Although Descartes earned lasting fame by securing a central role for algebra, not only in mathematics, but also in “natural philosophy” as the natural sciences and empirical observational sciences were then called, he had not yet progressed to the understanding that an algebraic equation and its curve plotted on a plane were equivalent, i.e., that having either of them amounted to having both, and that given either of them, the other was producible therefrom. Niccolo Guicciardini writes:
The seminal text in Newton’s mathematical formation is a highly abstract essay: Descartes’ Geometrie. He borrowed and annotated the second Latin edition (1659–1661) by Frans van Schooten. Here Descartes had proposed a novel method for the solution — he claimed in the opening sentence — of all the problems of geometry. It was on this text that Newton concentrated his attention. Descartes taught how geometrical problems could be expressed in terms of algebraic equations (this process was termed the resolution or analysis of the problem). He maintained that finding the equation and determining its roots, either by finite formulas or approximations, is not the solution of the problem. It was not a surprise for the contemporaries of Descartes and Newton to read that in order to reach the solution, one had to geometrically construct the required geometrical object. A geometrical problem called for a geometrical construction (a composition or synthesis), not an algebraic result. Traditionally, such constructions were carried out by means of intersecting curves. Thus, Descartes provided prescriptions to construct segments that geometrically represent the roots and are therefore the solution of the problem.

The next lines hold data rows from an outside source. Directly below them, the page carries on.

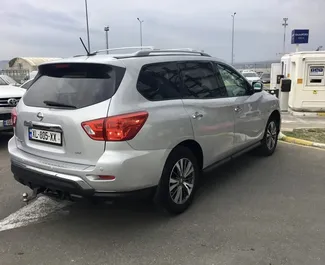 Nissan Pathfinder 2020 tilgjengelig for leie i Tbilisi, med ubegrenset kilometergrense.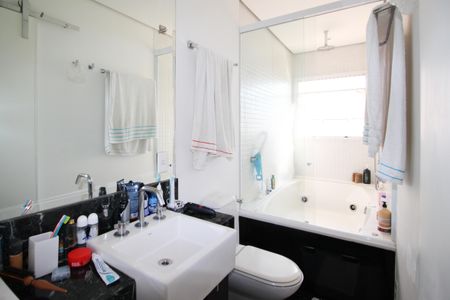 Apartamento à venda com 155m², 2 quartos e 2 vagas Apartamento à venda com 155m², 2 quartos e 2 vagasBanheiro da Suíte 1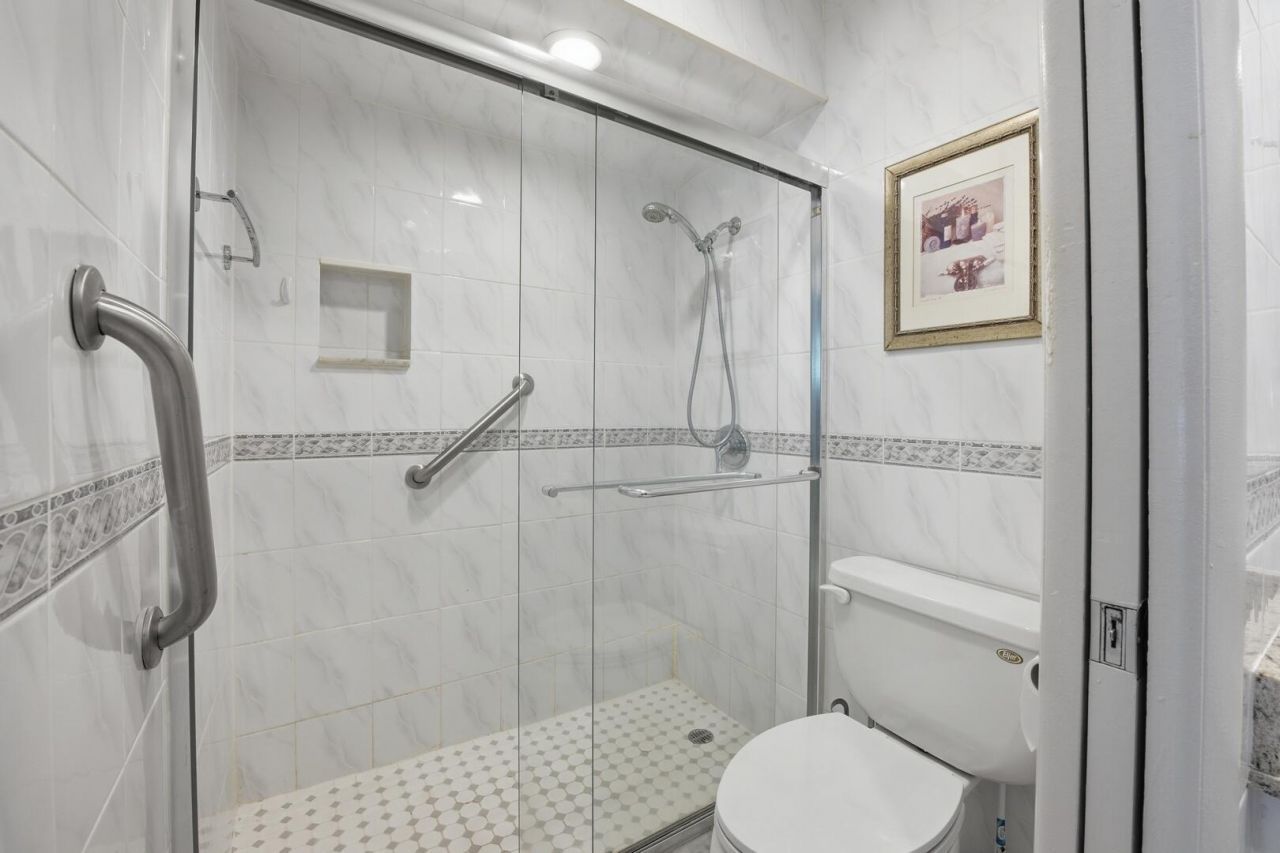 563 Piedmont L, Delray Beach, FL 33484 Photo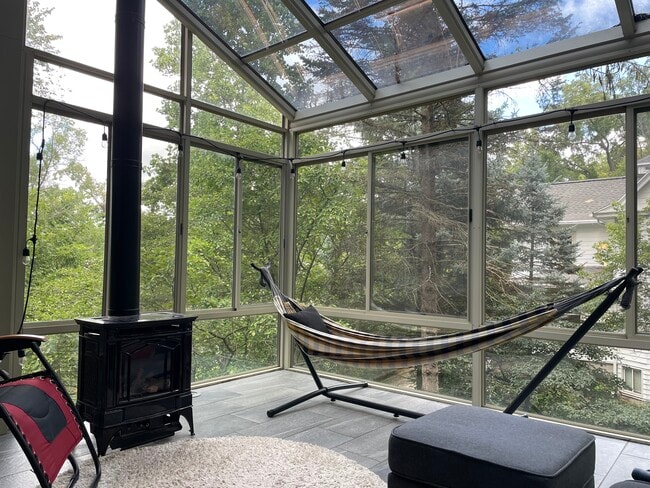 Building Photo - 1721 N High Point Rd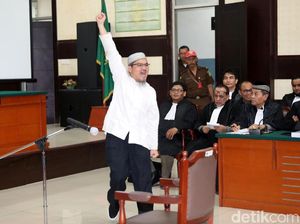 Foto: Pekikan Takbir Jonru di Sidang Dakwaan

Modern readers will be aware that the Newtonian (and Leibnizian!) calculus enabled mathematicians to think beyond the limits of Cartesian algebra. Descartes was forced to use trial-and-error (‘heuristic’) methods, making at first only approximations, and then refining them.
By Newton’s day the heuristic method proposed by Descartes was labeled common analysis. It was contrasted with a more powerful new analysis, which tackled problems about tangents and curvature of curves and about the determination of areas and volumes that cannot be reached by the finitist means envisaged by Descartes. Common analysis proceeds by “finite” equations (algebraic equations, we would say) in which the symbols are combined by a finite number of elementary operations. The new analysis instead goes beyond these limitations because it makes use of the infinite and infinitesimal.
As soon as Newton began digesting Cartesian geometry, he began to ponder that algebraic equations might not only yield a curve, but rather also yield information about the curve. It is now commonplace for students in calculus to use the equation to determine ‘local minima’ and ‘local maxima’ using Newton’s methods.
Newton’s early notes on Descartes’ Geometrie reveal how quick he was in mastering algebra applied to geometry. In 1665 he began to think about how the equation could reveal properties of the curve associated to it via a coordinate system.
The need for information about these curves was both theoretical and practical. Drawing the curves with accuracy, and understanding how to derive information about those curves from their corresponding algebraic equations was simultaneously important both for concrete tasks like lens-grinding and for philosophical tasks in exploring the foundations of mathematics and physics. The reader will recall Newton’s interest in telescopes.
Descartes had devised several mechanisms for generating curves. In De Organica Conicarum Sectionum in Plano Descriptione Tractatus (1646), which Newton read in Exercitationum Mathematicarum (1657), van Schooten had presented several mechanisms for generating conic sections. This research field was connected with practical applications, for instance, lens grinding and sundial design, but it was also sanctioned by classical tradition and motivated the highly abstract needs underlined by Descartes. Newton was able to devise a mechanism for generating conics and to extend it to higher-order curves.
Cartesian methods were capable of managing only some types of curves, not all types of curves. Newton’s work in physics required that he have more powerful mathematics so that he could work with more types of curves.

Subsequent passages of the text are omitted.